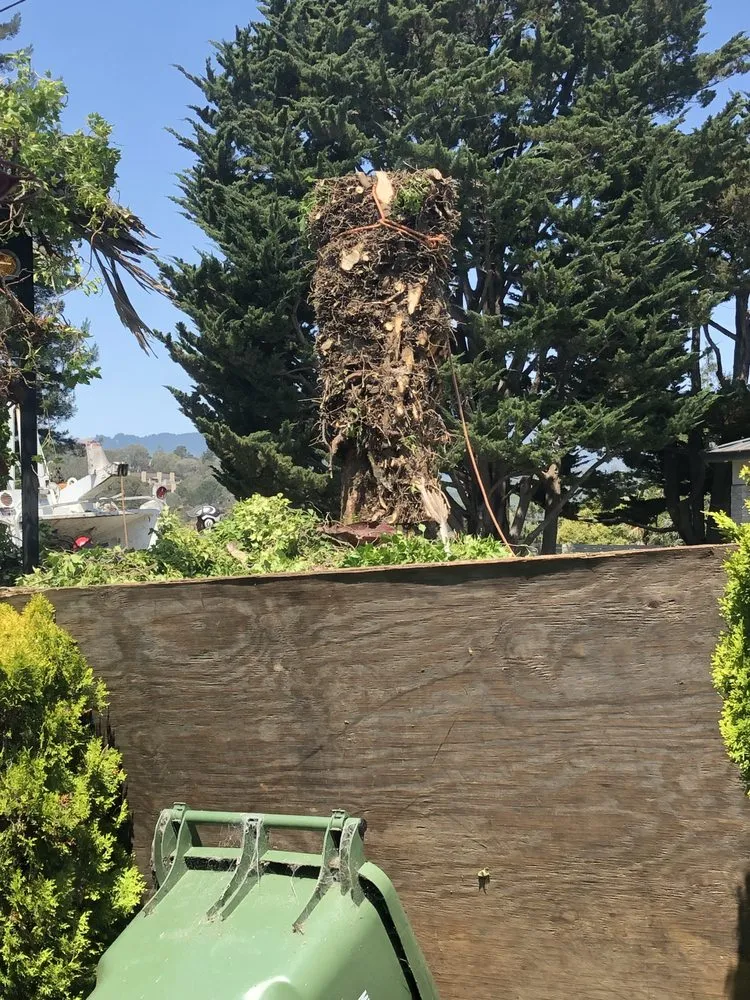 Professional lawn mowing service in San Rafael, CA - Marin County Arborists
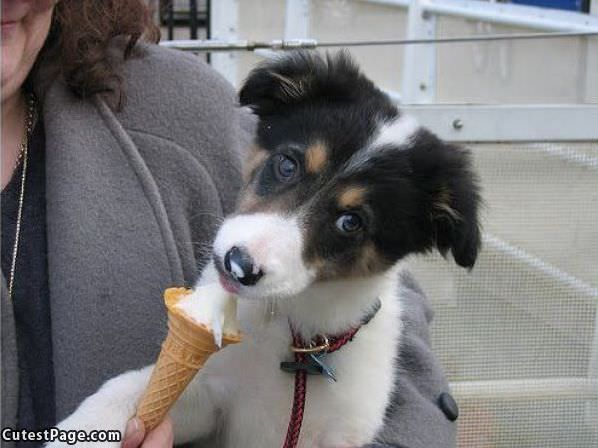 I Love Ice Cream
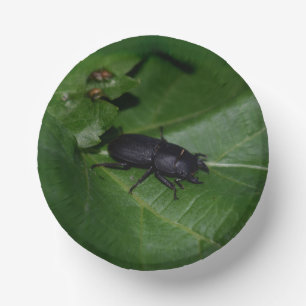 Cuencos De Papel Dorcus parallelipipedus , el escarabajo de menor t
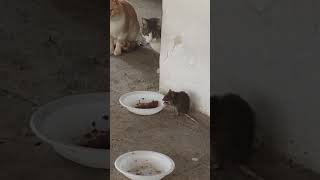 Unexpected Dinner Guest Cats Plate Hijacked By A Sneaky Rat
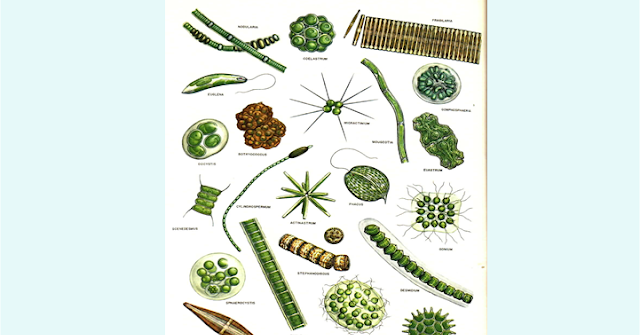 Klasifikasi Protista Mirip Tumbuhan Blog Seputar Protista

..............................

● Try it
Restate the entries verbatim, without pictures.

● Written answer
 Professional lawn mowing service in San Rafael, CA - Marin County Arborists
 I Love Ice Cream
 Cuencos De Papel Dorcus parallelipipedus , el escarabajo de menor t
 Unexpected Dinner Guest Cats Plate Hijacked By A Sneaky Rat
 Klasifikasi Protista Mirip Tumbuhan Blog Seputar Protista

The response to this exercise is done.